Return, word for word, the line that contains "vierkante moderne kristallen" and every line after it through the end of the records.

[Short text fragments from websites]
------------------------
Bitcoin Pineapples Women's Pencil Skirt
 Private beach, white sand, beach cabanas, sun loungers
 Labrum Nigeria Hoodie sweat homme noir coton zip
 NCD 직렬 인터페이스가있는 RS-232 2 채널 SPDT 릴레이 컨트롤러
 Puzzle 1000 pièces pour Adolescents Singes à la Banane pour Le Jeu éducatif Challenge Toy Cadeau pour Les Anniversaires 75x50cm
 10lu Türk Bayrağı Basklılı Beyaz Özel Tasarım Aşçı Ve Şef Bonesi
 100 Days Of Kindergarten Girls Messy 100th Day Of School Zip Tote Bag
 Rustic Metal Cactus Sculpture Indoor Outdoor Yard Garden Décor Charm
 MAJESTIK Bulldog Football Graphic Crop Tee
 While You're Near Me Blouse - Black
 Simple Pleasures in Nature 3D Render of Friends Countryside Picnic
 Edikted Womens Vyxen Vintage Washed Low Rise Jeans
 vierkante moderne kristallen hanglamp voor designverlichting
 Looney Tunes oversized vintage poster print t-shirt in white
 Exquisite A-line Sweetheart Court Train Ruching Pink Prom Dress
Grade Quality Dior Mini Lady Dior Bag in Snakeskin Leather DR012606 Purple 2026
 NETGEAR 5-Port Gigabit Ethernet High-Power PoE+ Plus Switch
------------------------
■ RESULT FOR THIS EXERCISE:
 vierkante moderne kristallen hanglamp voor designverlichting
 Looney Tunes oversized vintage poster print t-shirt in white
 Exquisite A-line Sweetheart Court Train Ruching Pink Prom Dress
Grade Quality Dior Mini Lady Dior Bag in Snakeskin Leather DR012606 Purple 2026
 NETGEAR 5-Port Gigabit Ethernet High-Power PoE+ Plus Switch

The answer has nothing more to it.